A colleague once told me that while the students are taking notes off the board, the teacher is synthesizing the information for them. That statement really made me think. How can a teacher synthesize information for a student. If students aren't even responsible for synthesizing the information for themselves, what are they responsible for?


About 11 years ago, I got a job teaching in a Developmental Disabilities Program (DDP). It was the most transformational opportunity in my teaching career. I learned in an awful hurry that teaching doesn't equal learning. I could stand at the board all day long, lecturing and delivering the best lessons I'd ever come up with, and I would be able to say "I taught you how to _________," but chances are good that nothing was learned!
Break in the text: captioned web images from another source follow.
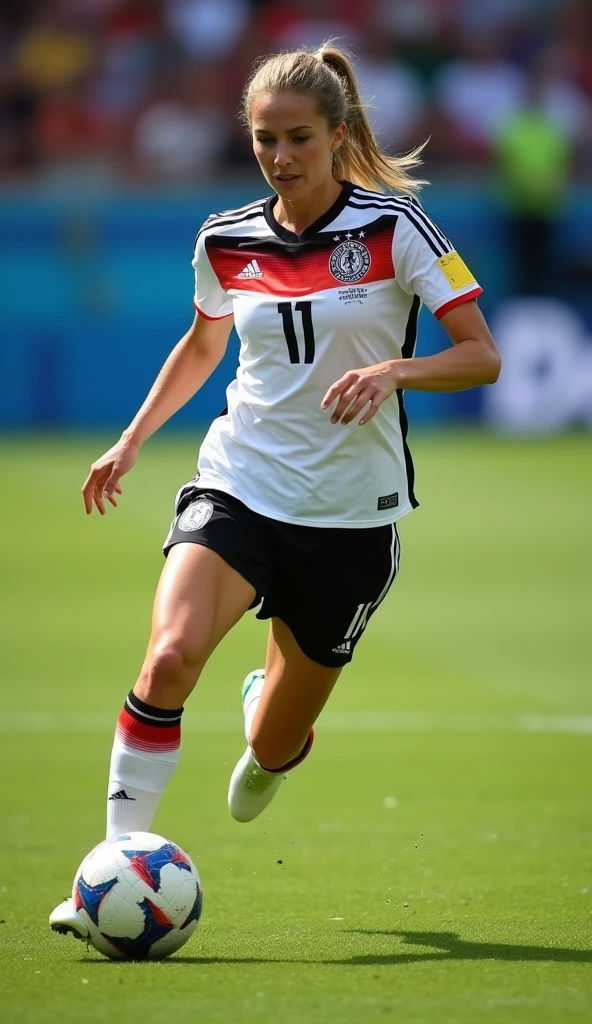 A very beautiful woman dribbling, Germany national team uniform, whole body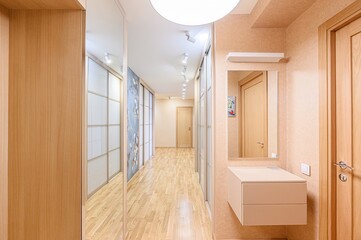 standard room interior apartment. room doors, renovation corridor lobby entrance hall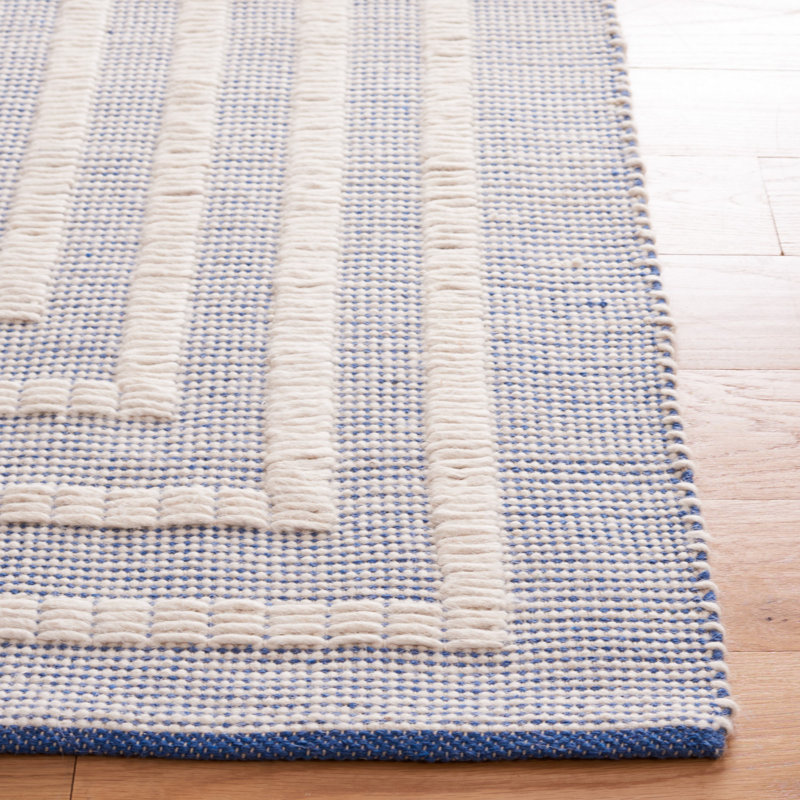 Natura Flat Weave Wool/Cotton Striped Rug in Ivory/Blue, Rectangle 5' x 8'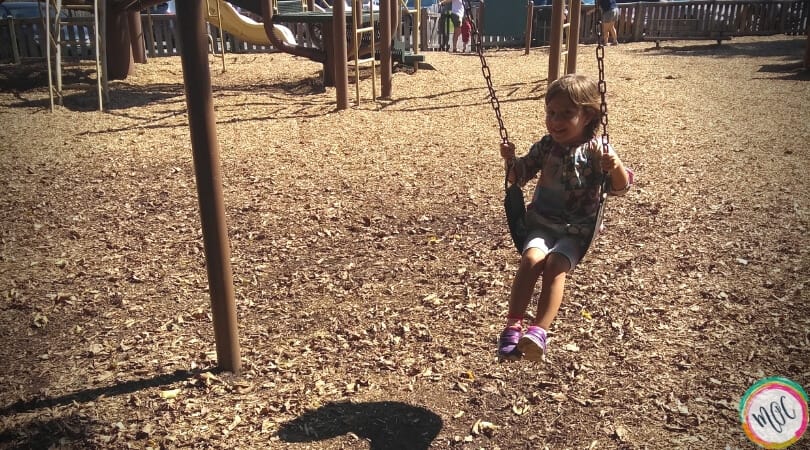 3 year old (big sister to April who died at birth), is swinging.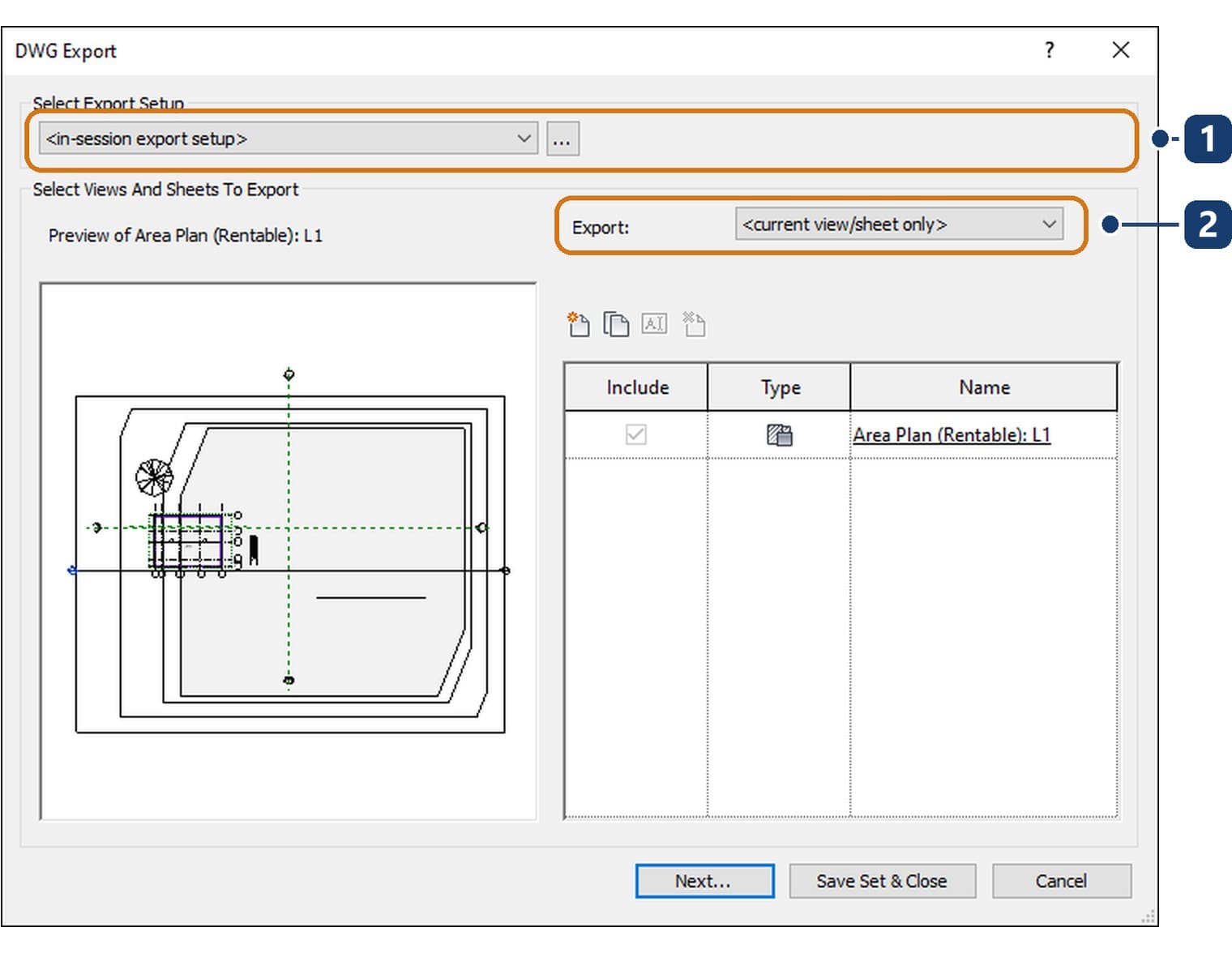 The DWG Export dialog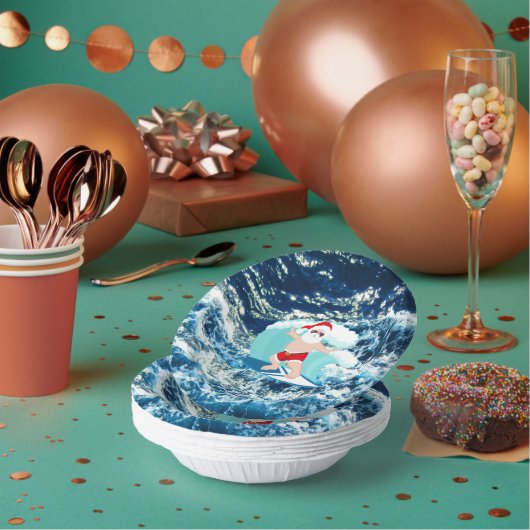 Festive kerstsurfende Santa Beach Paper Bowls Papieren Kommen (Multi)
I wanted my students to make sandwiches, so...we made sandwiches. I wanted them to be able to fry bacon, so...we fried bacon. I wanted my students to travel safely on an OC Transpo bus, so...we travelled safely on an OC Transpo bus. I wanted my students to ask safe strangers for help, so...we asked safe strangers for help. You could say that I spent 6 years in the DDP and I didn't teach anything to anyone. And you'd be correct. But holy smokes, did those students ever learn a lot while they were in my class.


I'm not saying there is no use for direct instruction, there would be times when I'd have to say "Now take out your bus pass and show it to the driver," or "Now where do we find the bread? Can you get the bread, and the peanut butter out?" or "This is how you turn on the stove, but be careful not to touch the burner." But in the grand scheme of things, students always learned more when I was out of the way.
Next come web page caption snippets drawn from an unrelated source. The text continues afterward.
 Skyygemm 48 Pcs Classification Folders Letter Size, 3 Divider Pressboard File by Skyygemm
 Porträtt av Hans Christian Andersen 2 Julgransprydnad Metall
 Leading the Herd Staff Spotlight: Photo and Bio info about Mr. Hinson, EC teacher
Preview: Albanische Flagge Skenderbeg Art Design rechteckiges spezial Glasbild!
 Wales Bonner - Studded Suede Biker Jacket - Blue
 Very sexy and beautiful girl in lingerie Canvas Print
In my experience as a "regular" classroom teacher, I have noticed the same things. Students learn more, think more, do more, when I get out of the way! I don't get out of the picture, I just get out of the way. I don't want my students to crash and burn, but I do want them the struggle with the controls for a bit. I want things to be hard for them. Because when a student does hard things, they feel better about themselves afterwards.


I think all of our classrooms should look like a DDP classroom. Students practicing the skills we want them to learn with direct instruction being an option but not the default. Best case scenario, experiential learning is the default, and if not, then project/problem based learning. Let's stop talking about teaching, and start talking about learning.